1. Preheat your oven to 450 degrees Fahrenheit. The high heat is essential for achieving that crispy crust we all love. While the oven is heating up, grease a large baking sheet with a tablespoon of extra virgin olive oil to ensure your pizza doesn't stick.
2. In a medium skillet over medium heat, add the remaining extra virgin olive oil. Once it's heated, toss in the sliced bell peppers, cherry tomatoes, garlic, fresh oregano, and balsamic vinegar. Don’t forget a pinch of both crushed red pepper flakes and kosher salt for that extra kick. Cook this mixture until the peppers are just beginning to soften and the garlic becomes fragrant, about 10 to 15 minutes.
3. While your vegetables are cooking, take your pizza dough and place it on a lightly floured surface. Roll or push the dough out with your hands until it reaches about a 10 to 12 inch circle. Transfer the dough to your greased baking sheet.

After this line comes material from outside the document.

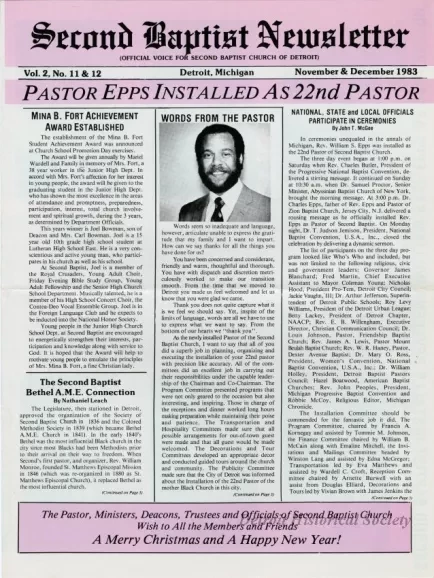 Newsletter - Second Baptist Newsletter, Vol. 2, No. 11 & 12, November & December 1983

4. Drain any excess oil left from the peppers and spread it evenly over the rolled dough. Next, sprinkle on the shredded provolone, allowing it to cover the surface. Then arrange the cooked peppers and tomatoes on top, ensuring an even distribution.
5. Finally, sprinkle the shredded gruyere over the vegetables, followed by a generous amount of fresh basil. Now, it’s time to slide your masterpiece into the oven!
6. Bake for 10 to 15 minutes, or until the crust is golden brown and the cheese is bubbling and melted. Keep an eye on it to avoid burning!
7. Once it’s done, remove the pizza from the oven and let it cool for a minute. Top with additional fresh basil if desired, and then it’s time to slice and enjoy. Each piece is bursting with flavor!